Tuesday, 3 June 2014

The cultural founder effect

The founder effect describes dynamics where a partly-isolated niche is invaded by a small number of immigrants, whose descendants go on to dominate the niche. The offspring population often exhibits reduced genetic diversity.

The founder effect is about equally applicable to cultural and organic evolution.

Often the easiest places to observe the founder effect is on isolated islands. They represent a kind of natural microscope for students of the founder effect. Australia, New Zealand, Iceland, Japan, Tasmania and Madagascar are all places that exhibit both genetic and cultural founder effects.

Cultural founder effects can be seen in large organizations that grow from small ones.

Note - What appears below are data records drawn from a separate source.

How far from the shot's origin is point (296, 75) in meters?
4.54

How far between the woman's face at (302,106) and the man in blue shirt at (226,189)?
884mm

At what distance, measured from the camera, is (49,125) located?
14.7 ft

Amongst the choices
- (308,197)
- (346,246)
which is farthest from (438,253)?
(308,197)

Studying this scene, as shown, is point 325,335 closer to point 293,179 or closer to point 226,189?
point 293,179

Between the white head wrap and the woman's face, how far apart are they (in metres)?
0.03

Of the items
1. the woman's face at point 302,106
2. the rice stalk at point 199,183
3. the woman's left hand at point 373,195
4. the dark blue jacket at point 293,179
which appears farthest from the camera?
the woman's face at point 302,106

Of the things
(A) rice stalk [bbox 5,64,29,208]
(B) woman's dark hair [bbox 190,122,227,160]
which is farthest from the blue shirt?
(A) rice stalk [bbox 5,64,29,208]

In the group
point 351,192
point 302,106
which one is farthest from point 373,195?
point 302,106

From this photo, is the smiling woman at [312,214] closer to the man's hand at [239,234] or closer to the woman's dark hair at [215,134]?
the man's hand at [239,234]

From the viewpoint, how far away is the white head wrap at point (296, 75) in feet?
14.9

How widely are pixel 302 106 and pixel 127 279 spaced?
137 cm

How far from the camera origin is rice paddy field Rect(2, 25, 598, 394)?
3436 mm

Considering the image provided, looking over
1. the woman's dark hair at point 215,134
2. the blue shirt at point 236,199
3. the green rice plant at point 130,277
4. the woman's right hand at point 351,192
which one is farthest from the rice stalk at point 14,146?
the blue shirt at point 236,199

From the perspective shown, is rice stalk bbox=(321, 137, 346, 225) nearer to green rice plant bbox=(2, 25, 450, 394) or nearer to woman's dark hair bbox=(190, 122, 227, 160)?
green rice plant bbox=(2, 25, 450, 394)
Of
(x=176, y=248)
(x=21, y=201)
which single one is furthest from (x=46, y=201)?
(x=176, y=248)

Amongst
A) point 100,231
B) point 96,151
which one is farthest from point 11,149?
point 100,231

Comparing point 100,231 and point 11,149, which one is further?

Often the founders of organizations have unusual ideas of various kinds - which they sometimes go on to impose on the corporations they end up directing. Apple and Microsoft are both famous examples of this.

Founder effects are also seen in products. The Xerox copiers, Coca-cola, The Sony Walkman, and the Apple iPhone are product lines that started with single product, and then subsequently underwent substantial proliferation. If you are the first to market with a product in a new niche, the changes are good that you will launch the second and third products in that space as well.

Cultural evolution exhibits what is known as the serial founder effect as well. This takes place when there's a string of founder effects, one after the other. For example, we can see this when there's a chain of companies founding new start-ups from existing employees - and existing corporate culture.

The cultural founder effect is an important effect to understand when considering product development. Since the descendant of cultural founders can monopolize product niches for a while, creating cultural founders is the aim of many, and identifying cultural founders is valuable to investors and trend spotters.